I also was a beta tester on that one. DICE ignored us. :shadedshu


----------



## TRIPTEX_CAN (Nov 23, 2009)

TheMailMan78 said:


> I also was a beta tester on that one. DICE ignored us. :shadedshu



I know.. I was mostly referring to you and your distaste for all things 2142 (one of the best games of all time for titan mode alone)


----------



## TheMailMan78 (Nov 23, 2009)

TRIPTEX_MTL said:


> I know.. I was mostly referring to you and your distaste for all things 2142 (one of the best games of all time for titan mode alone)



Ill keep you alive for my amusement in BC2.


----------



## TRIPTEX_CAN (Nov 23, 2009)

TheMailMan78 said:


> Ill keep you alive for my amusement in BC2.



I stand by my convictions.


----------



## mAfia_boy (Nov 23, 2009)

TRIPTEX_MTL said:


> I stand by my convictions.


agreed titan mode was outstanding gameplay but yes things were overlooked from me beta testing, like my rank that i achieved whilst playing the beta wasnt added to the final game like thay said it would:shadedshu also there was unlocks that we were promised that didnt happen, there were some other things that ive forgotten about now but i still enjoyed it and still do now


----------



## TheLaughingMan (Nov 23, 2009)

I have had some very good game memories in BF2142.  Me and mine have pulled out some awesome stuff in that game.  Titan mode is a personal favorite, but my friends did not feel the same way about it.

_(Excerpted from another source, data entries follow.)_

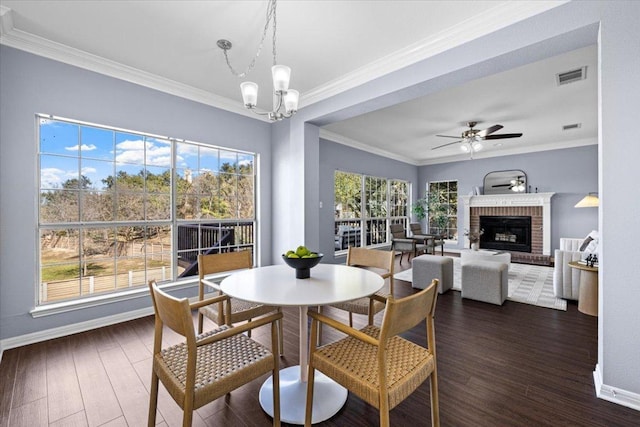 dining room featuring a fireplace, crown molding, visible vents, dark wood-type flooring, and baseboards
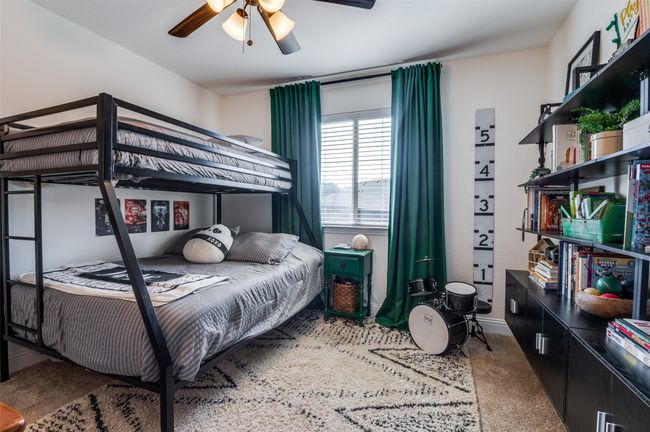 One of the first of the secondary bedrooms with ceiling fan, window view of backyard, good size closet and across the hall from the bathroom. | Image 11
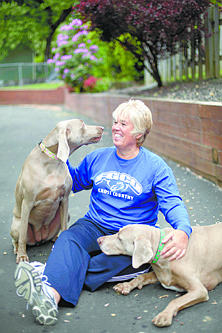 ** ADVANCE FOR USE AT 12:01 A.M EST MONDAY, MAY 23, 2011 AND THEREAFTER ** In this Friday, May 13, 2011 picture, Karen Cornwall plays with her dogs Bel, left, and Mac, in front of her home in Havertown Pa. Cornwall, a nurse who played a slew of sports since childhood, had both knees replaced last year when she was 54. Dr. Nicholas DiNubile, an adviser to several pro athletic groups and a spokesman for the American Academy of Orthopaedic Surgeons, says &quot;The boomers are the first generation trying to stay active in droves on an aging frame&quot; and are less willing to use a cane or put up with pain or stiffness as their grandparents did. (AP Photo/Matt Rourke)
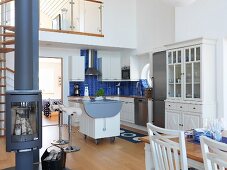 Scandinavian kitchen with island counter on castors in open-plan interior; free-standing log burner in foreground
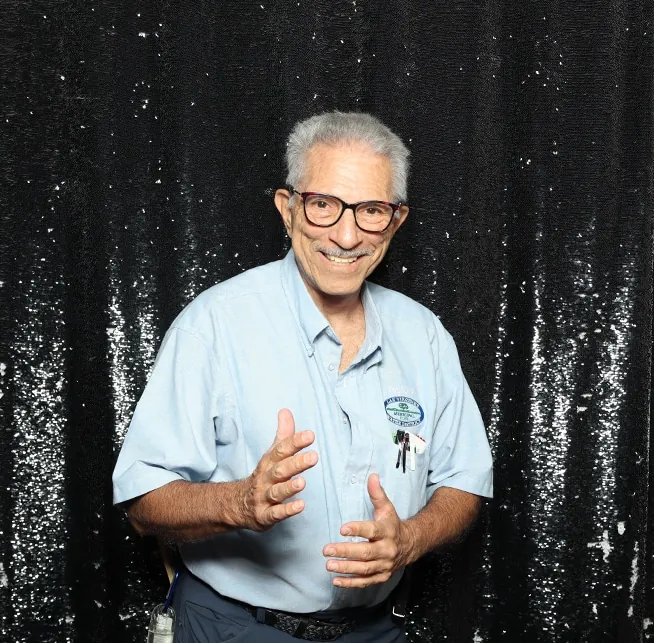 Smiling man in a light blue shirt poses playfully at a birthday party photo booth with a black backdrop.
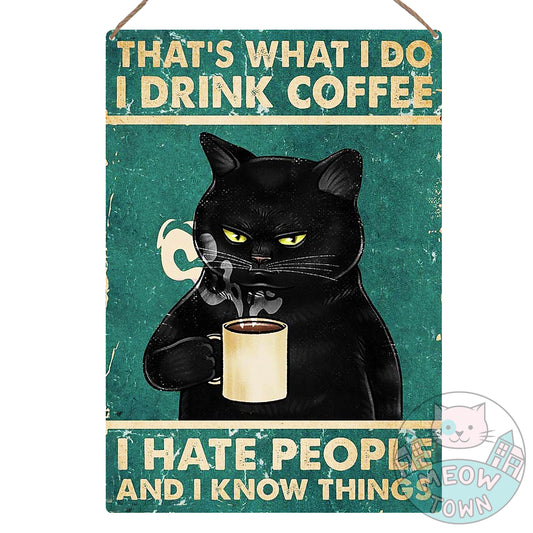 Metal wall sign with a black kitty drinking coffee and funny slogan ‘That’s What I Do - I Drink Coffee, I Hate People And I Know Things’. Just the perfect decoration to make you smile and brighten your home every day :)  Aluminium material, brushed silver colour back. Approx A4 sized, rounded corners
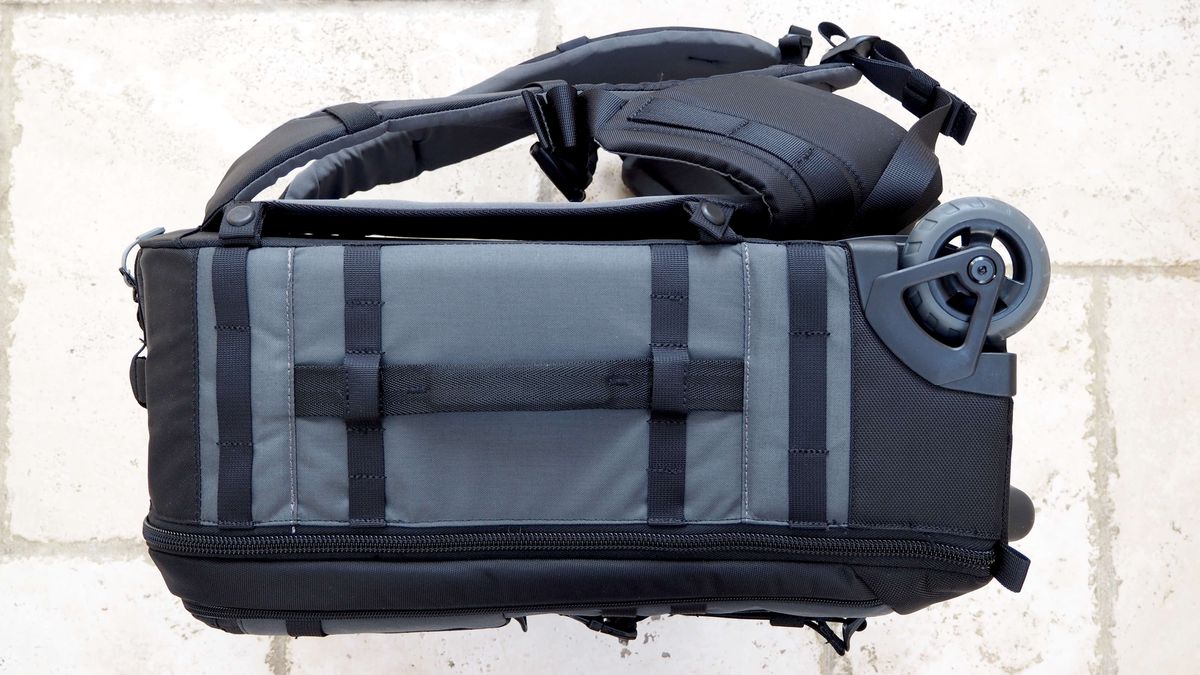 Lowepro Pro Trekker RLX 450 AW II roller backback on a light stone floor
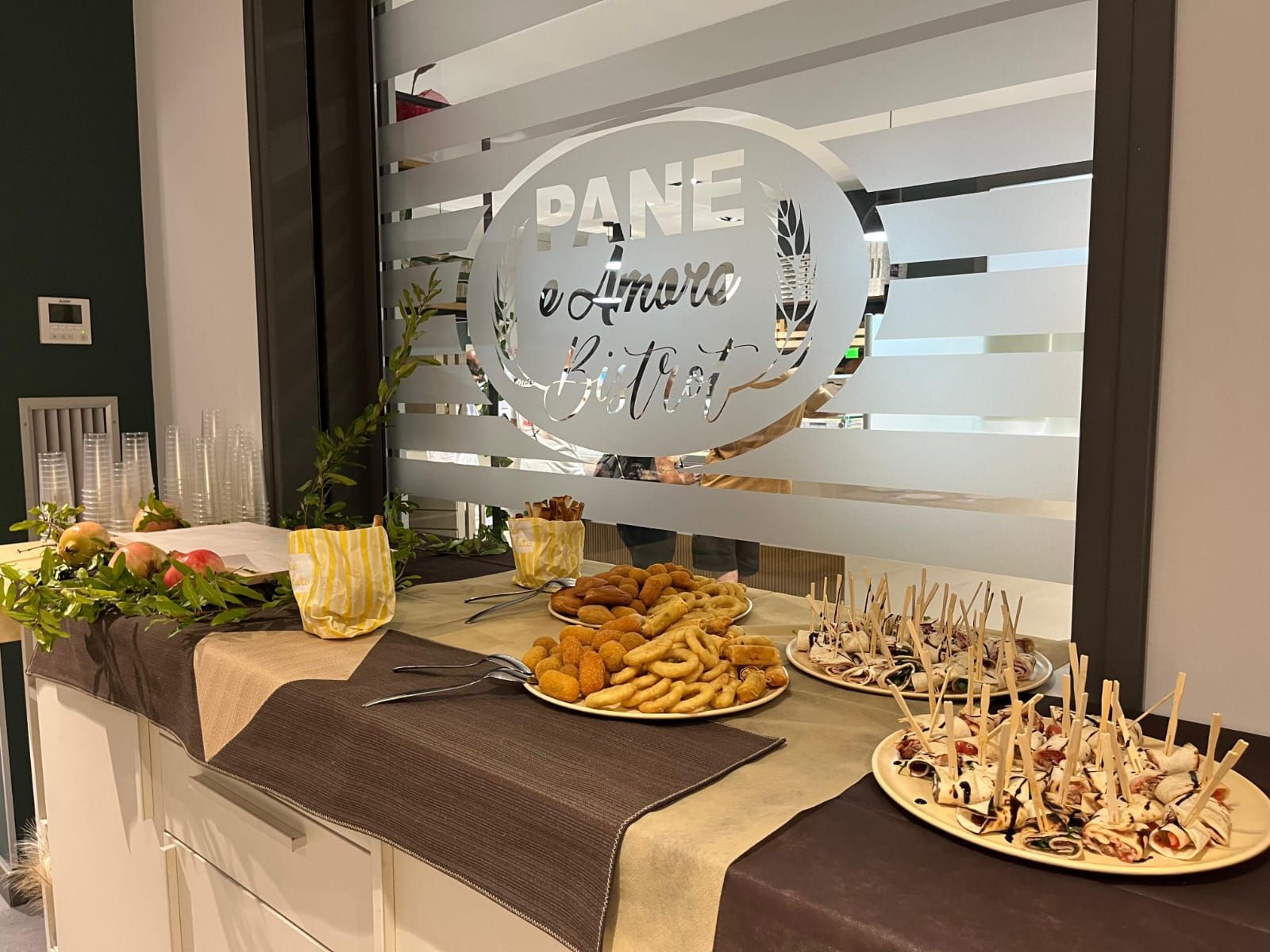 Tavolo da buffet con antipasti davanti a una finestra con la scritta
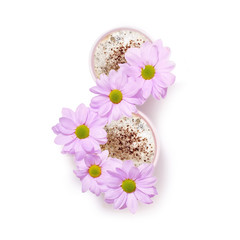 Flowers In cup of coffee tea in shape of number eight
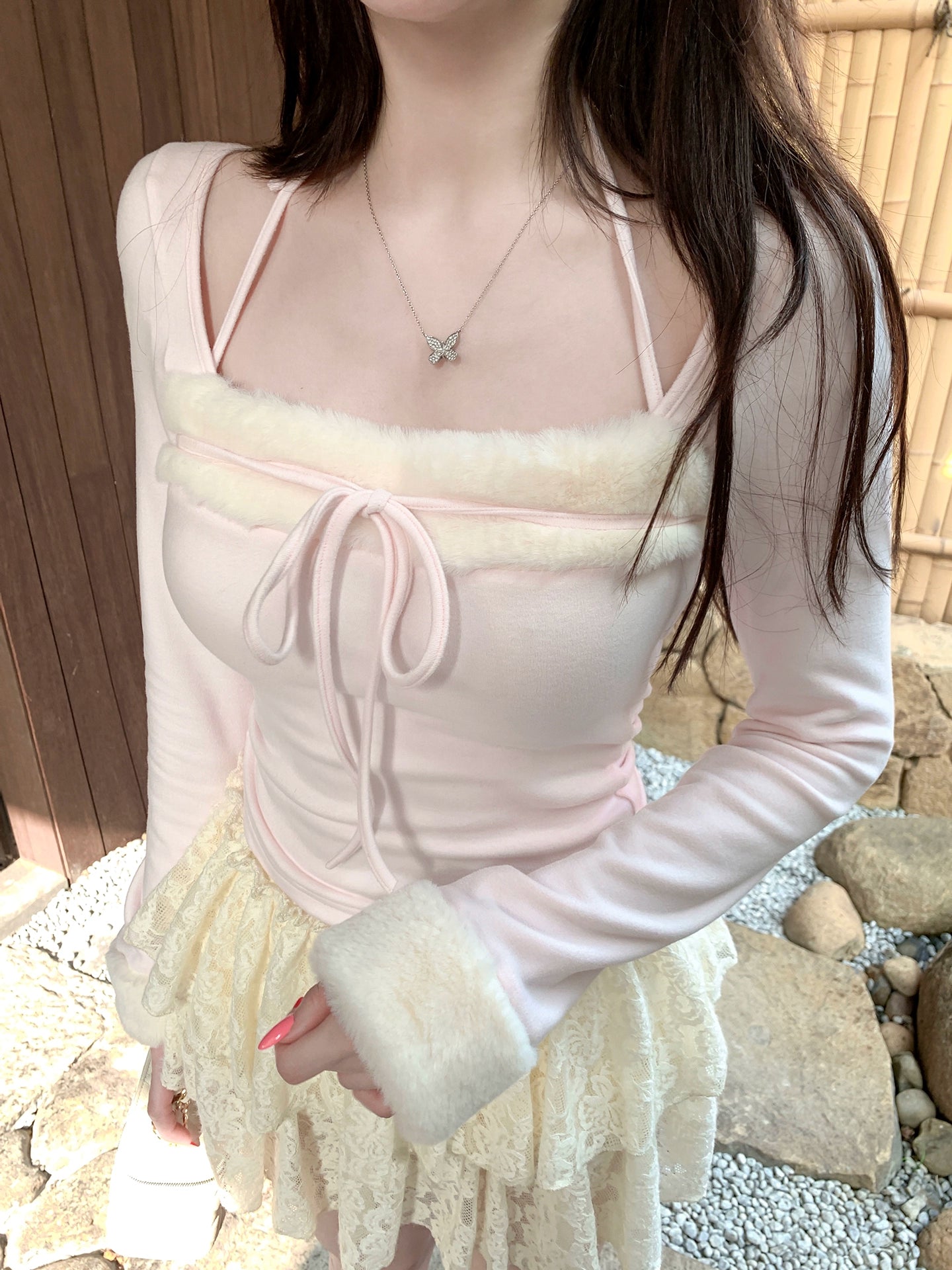 Person wearing a light pink long-sleeve top with sheer panels and white fur cuffs, standing outdoors.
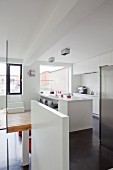 Moderne, weiße Kücheninsel in offenem Küchenbereich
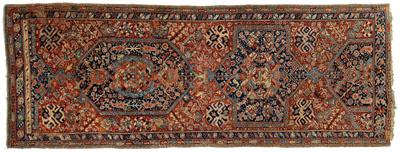 Appraisal: Ushak long rug central medallions on varying brick red field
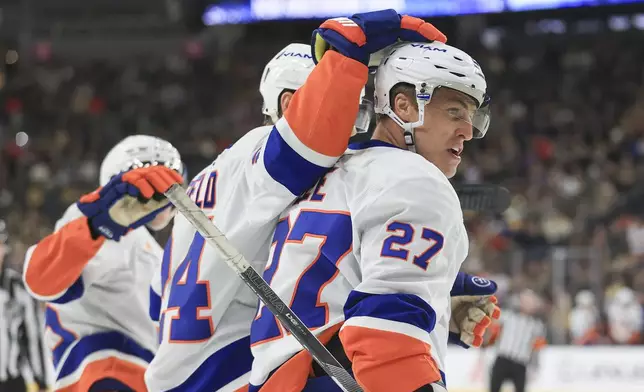 New York Islanders defenseman Scott Mayfield (24) celebrates with left wing Anders Lee (27) after Lee's goal during the first period of an NHL hockey game against the Vegas Golden Knights, Thursday, Jan. 9, 2025, in Las Vegas. (AP Photo/Ian Maule)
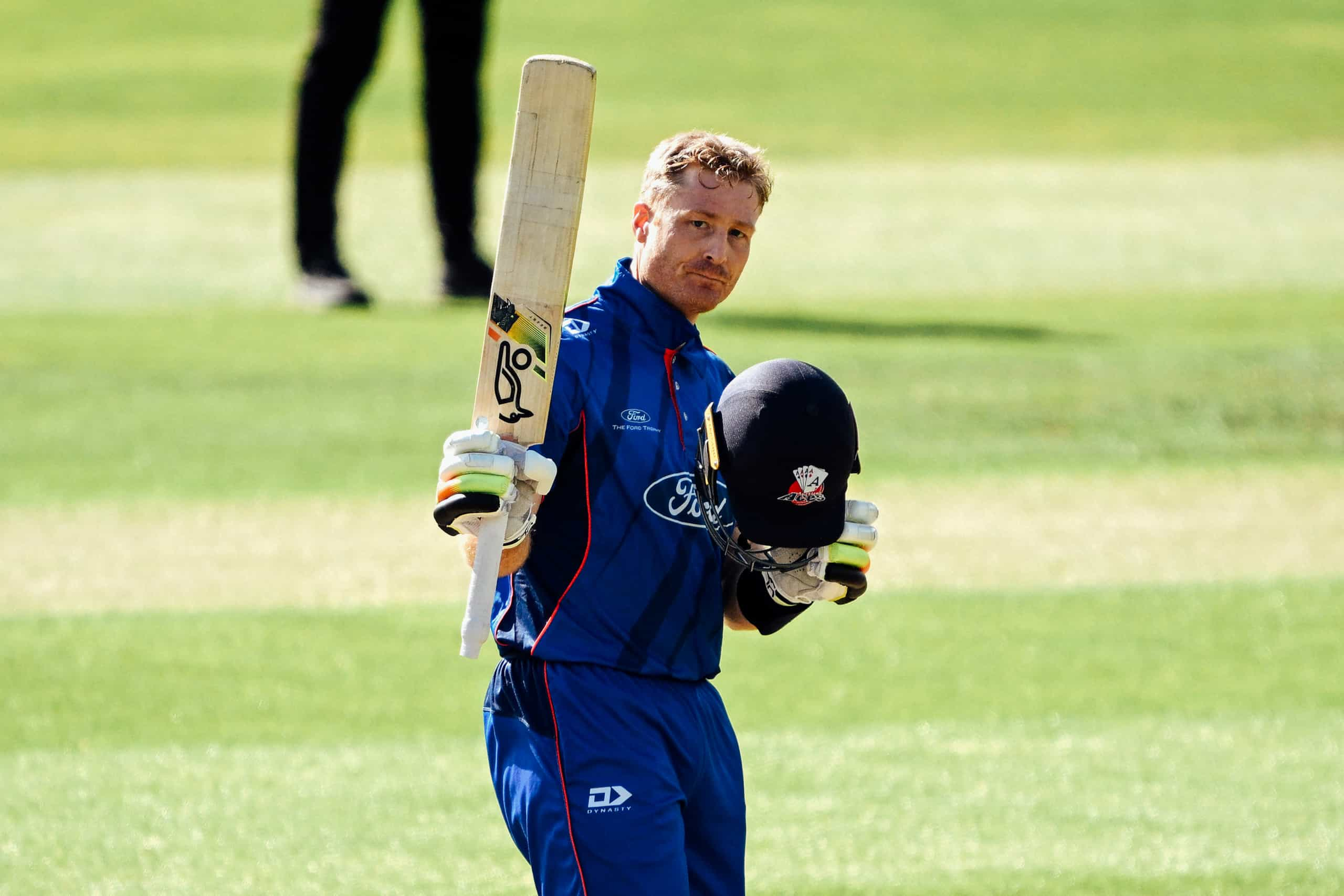 Martin Guptill of Auckland raises his bat after scoring a century during the Ford Trophy Elimination Final between the Otago Volts and the Auckland Aces at University of Otago Oval on the 21st of February 2024, in Dunedin, New Zealand. (Image by Joe Allison / Photosport)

Titan combat is always close-up cluster f#$ks and I loved it.


----------



## TRIPTEX_CAN (Nov 23, 2009)

mAfia_boy said:


> agreed titan mode was outstanding gameplay but yes things were overlooked from me beta testing, like my rank that i achieved whilst playing the beta wasnt added to the final game like thay said it would:shadedshu also there was unlocks that we were promised that didnt happen, there were some other things that ive forgotten about now but i still enjoyed it and still do now



Them not letting you keep your rank doesn't surprise me but if they said they would then that's pretty weak. :shadedshu


----------



## Hayder_Master (Nov 24, 2009)

1Kurgan1 said:


> Whys that? I mean obviously it will look nice, but your other MP FPS's that are options arent DX11, so it's not a big deal breaker, even on PS3 the graphics are really good.





TRIPTEX_MTL said:


> http://forums.techpowerup.com/showthread.php?t=108676
> 
> :shadedshu




thanx guys


----------



## TRIPTEX_CAN (Nov 24, 2009)

Well I'm just going to use this thread for all things BFBC2 PS3 BETA rather than make a new thread. 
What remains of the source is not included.